Le prêteur et sa femme
(détail)
Un détail m'a toujours intrigué dans ce tableau.
Un détail m’a toujours intrigué dans ce tableau. Tout indique qu’il fait jour : la fenêtre située hors champ, à droite du prêteur, se reflète dans le miroir posé devant lui (détail ci-contre) ; on en distingue même les petits vitraux. On retrouve aussi cette lumière dans la carafe placée sur l’étagère.

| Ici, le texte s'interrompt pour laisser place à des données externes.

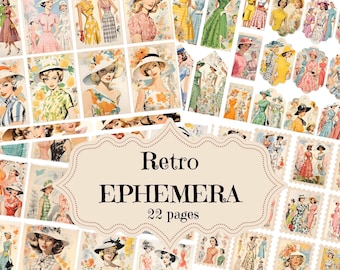 Artículos de moda de los años 50: Imprimibles vintage para álbumes de recortes (Descarga digital)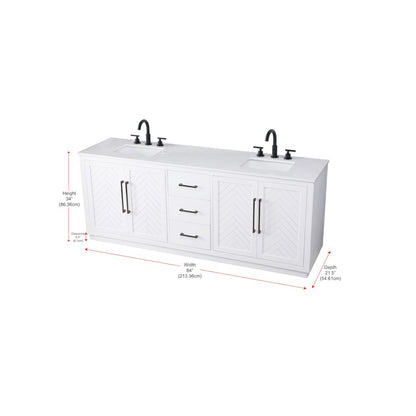 84 inch Double Bathroom Vanity in White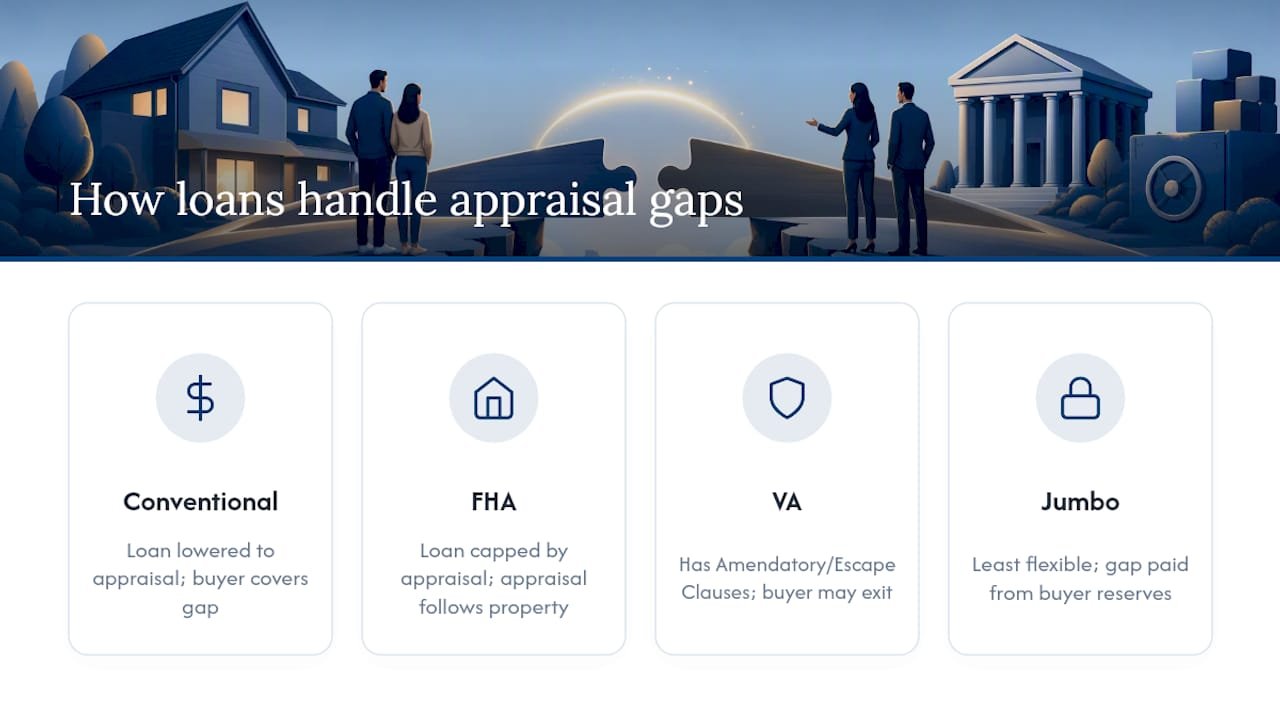 Comparison of four loan types and appraisal gaps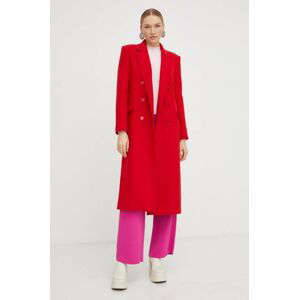 Vlnený kabát Patrizia Pepe červená farba, prechodný, dvojradový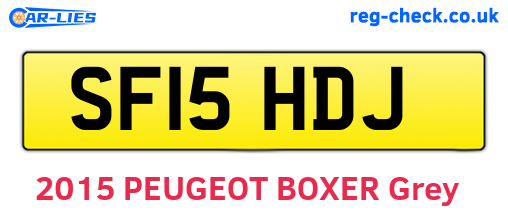 SF15HDJ are the vehicle registration plates.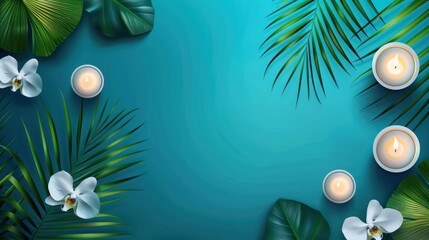 Obraz premium Tropical leaves, flowers, and candles on teal background, relaxing mood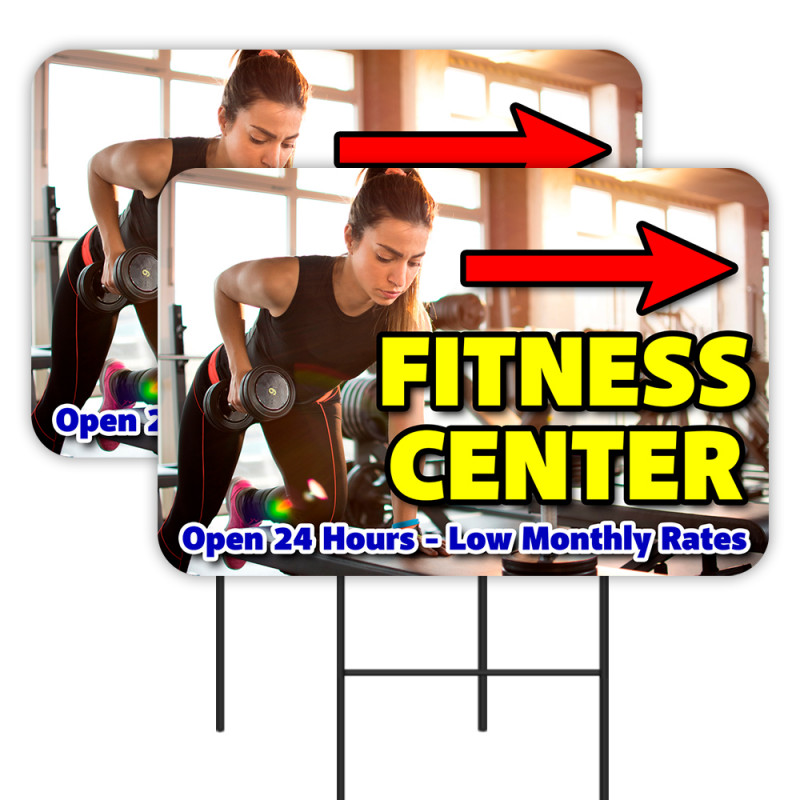 Fitness Center 2 Pack Double-Sided Yard Signs 16" x 24" with Metal Stakes (Made in Texas)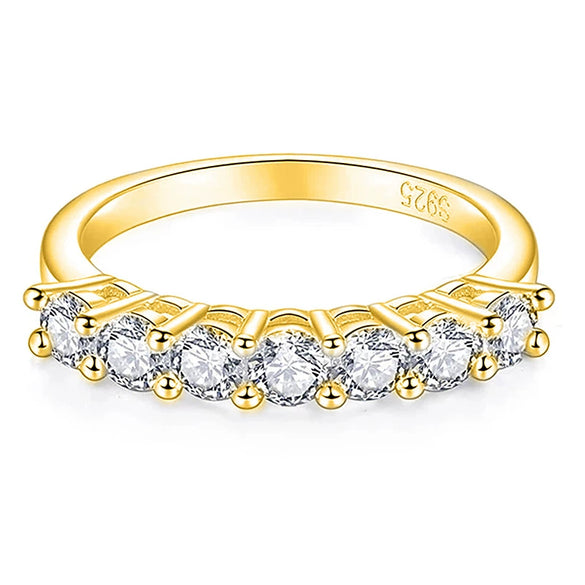 Wholesale S925 Silver Moissanite Ring With Geometric Seven Star Row Design Electroplated For Women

Alors, qu'est-ce que ce carré noir que l'on aperçoit par la porte entre-baillée, derrière les deux personnages qui discutent dans la pièce voisine, et qui ressemble à une fenêtre ouverte sur la nuit ? Une allégorie de plus dans un tableau qui en regorge ? Ou bien cette porte donne-t-elle sur la rue, la fenêtre obscure appartenant alors à une autre maison ? Ma langue au chat...

Q.M. - L'affreuse duchesse
(1513)
Quant à la seconde œuvre, je la mentionne surtout parce que plusieurs hypothèses circulent encore sur l’identité du modèle. Et aussi parce que c’est ce visage qui inspira à John Tenniel la duchesse d’Alice au pays des merveilles – et non la Reine de Cœur, comme l’affirme pourtant le beau livre publié par la National Gallery de Londres, où le tableau est conservé.